En términos de deportaciones, un análisis reciente del New York Times con datos federales revela que, entre el 20 de enero de 2025 y el 20 de enero de 2026, el gobierno de Trump deportó aproximadamente 230.000 personas arrestadas dentro del país y otros 270.000 en la frontera, cifras que ya superan el total de deportaciones internas que se registraron durante toda la administración anterior.
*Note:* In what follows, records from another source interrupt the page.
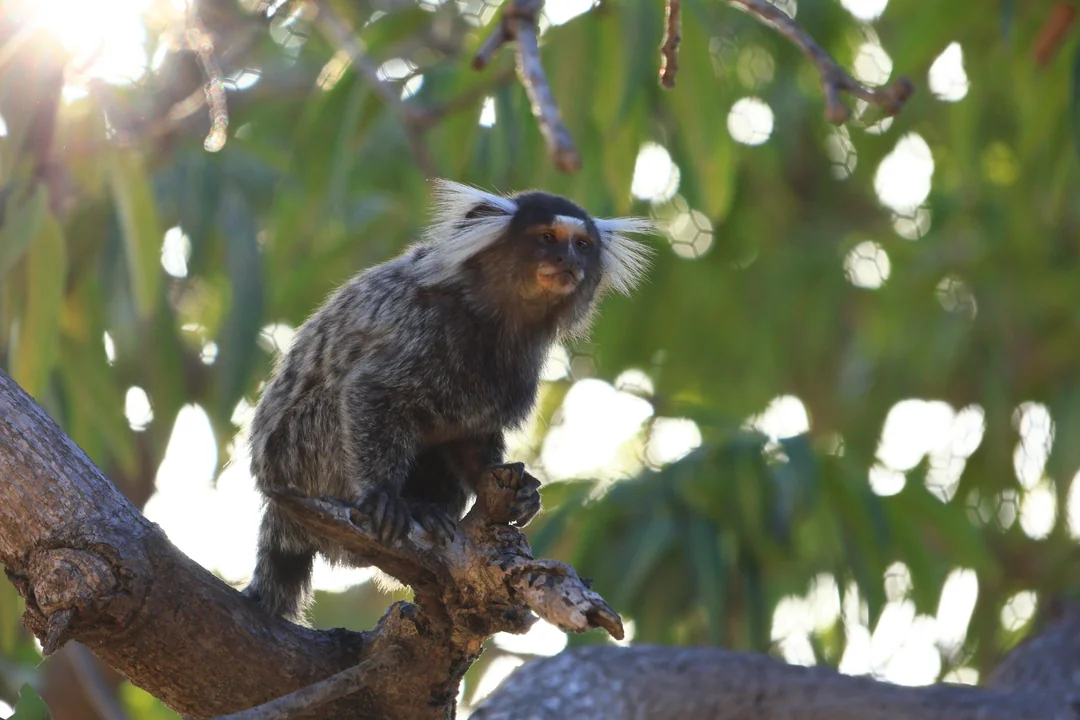 Ziggy the White-Headed Marmoset photo 2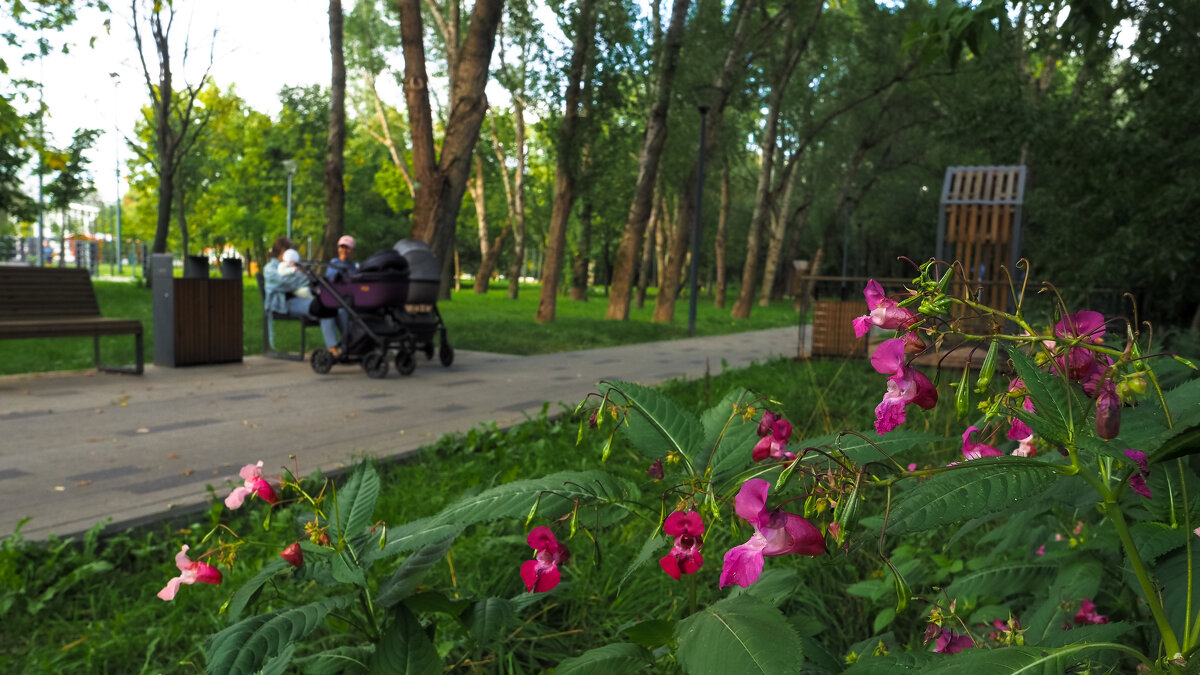 Природа в Городе - юрий поляков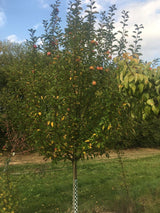 Malus 'Karneval'  -S-                  CAC Apfel 'Karneval'  -S-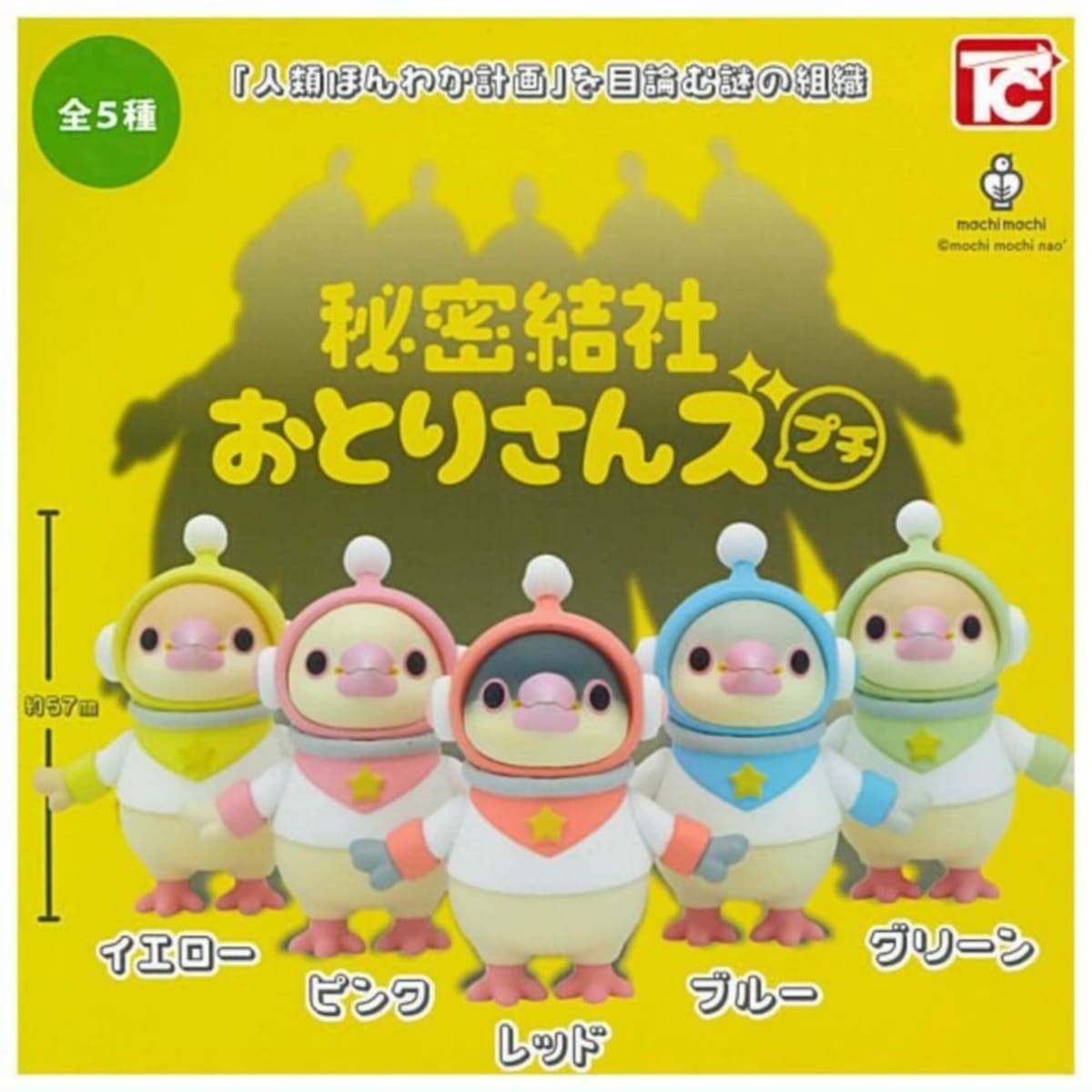 ȥӥ mochi mochi ̩ҤȤꤵ ץ  5糧å ե륳 㥬 ץȥ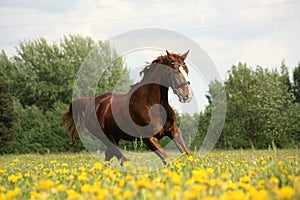 Chestnut beautiful horse galloping at the blooming meadow photo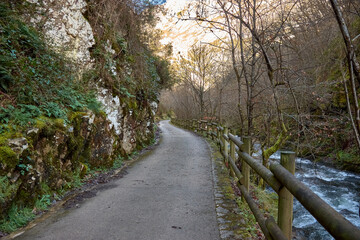 Peaceful nature walk along a winding path in Redes Natural Park, Asturias, Spain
Esto suma alrededor de 540.000 deportaciones en un año completo, incluyendo personas que regresaron de manera voluntaria a través de programas de “auto-deportación” incentivados por la administración.
 Esa cifra de deportaciones por interior y frontera no solo demuestra la intensidad de la política migratoria; también implica que una parte significativa de personas deportadas no tenía antecedentes penales, reflejando una agenda que criminaliza a las personas migrantes más allá de cualquier justificación de seguridad pública. 
 Además, estas cifras de deportaciones y detenciones bajo Trump se producen en un contexto donde aún no se han publicado detalladamente informes estadísticos oficiales del Departamento de Seguridad Nacional, ya que el ritmo de publicación de datos ha sido discontinuado. 

 El impacto social y político

 La combinación de deportaciones masivas, detenciones sin precedentes y muertes en custodia constituye una forma concreta de violencia de Estado contra su propia población, un conato de guerra civil. El asesinato de Pretti -que tuvo lugar apenas un día después de la huelga en Minnesota contra el ICE- fue el resultado de una política de represión, expulsión y militarización interna, que se proyecta en las guerras internacionales promovidas por Trump.